Bonde: Bem diferente do que acontecia antigamente com os Engenheiros. Até o sétimo disco, "Gessinger, Licks & Maltz", de 1992, vocês sempre preparavam o disco para ser lançado em dezembro, com a proposta de ser um presente de natal.
HG: Mas eu acho que o disco dos Engenheiros não é tão mercadológico, a ponto de ser lançado num momento certo, com rigidez. Já temos um público fiel que nos acompanha e sempre compra os discos assim que lançados.
Bonde: A época em que os Engenheiros mais ganharam público foi quando lançaram o quinto disco, "O Papa é Pop". Hoje, o público da banda tem se renovado, mesmo sem a exposição na mídia que a banda tinha antes?
HG: "O Papa é Pop" vendeu um pouco mais que os outros, mas é uma vendagem bem homogênea. Com a gente acontece algo que não é muito comum entre os artistas de gravadoras: independentes de estarmos mais expostos à mídia ou não, nossa vendagem não muda muito. Como já falei, temos um público fiel, mas ele tem se renovado. Temos notado pelos shows e pelos e-mails que recebemos. Não sei se é porque nos shows a galera nova é mais barulhenta e se destaca mais, mas eu sinto uma grande renovação do público.

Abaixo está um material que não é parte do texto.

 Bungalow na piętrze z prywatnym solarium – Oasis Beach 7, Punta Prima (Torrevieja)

Bonde: Como estão os temas das novas músicas. Houve mudanças no enfoque?
HG: Se houve, não foi nada consciente, que eu tenha procurado. A gente amadurece e vai aprendendo a fazer melhor o nosso ofício. Não acho que tenhamos mudado o estilo nem das letras, nem das músicas, apesar das mudanças de formação. Desde cedo, eu sabia o que eu queria e poderia fazer com música. A história dos Engenheiros é mais uma continuidade do que uma ruptura.
Em um programa recente do Ratinho, havia uma matéria sobre sincofonia, o fenômeno de encontrar mensagens em discos e fitas rodados ao contrário. Foi mostrada uma música dos Engenheiros do Hawaii que ao contrário dava uma bronca no ouvinte.

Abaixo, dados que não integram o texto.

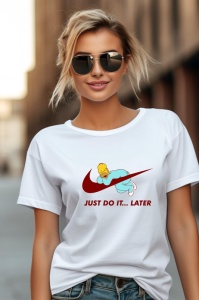 Femeie purtând un tricou alb cu un design inspirat de Nike, având mesajul 'Just Do It... Later' și o imagine cu Homer Simpson culcat relaxat peste logo-ul Nike reinterpretat.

HG: Era "Ilusão de ótica", gravada em "O Papa é Pop". No estúdio, armamos para que quando a fita fosse rodada ao contrário fosse ouvida a frase "Porque é que cê tá ouvindo isto ao contrário? O que é que cê tá procurando? hein?". Nem era um trecho escondido, pois estava incluído no encarte. Foi uma brincadeira que fizemos com pessoas que vêem o mal em todos os lugares. Na minha opinião, quem vê o mal em todos os lugares tem o mal dentro de si. Foi exatamente um brincadeira com quem tem essa postura de ficar procurando o demônio em músicas rodadas ao contrário. Eles tanto que procuram que um dia vão achar (risos).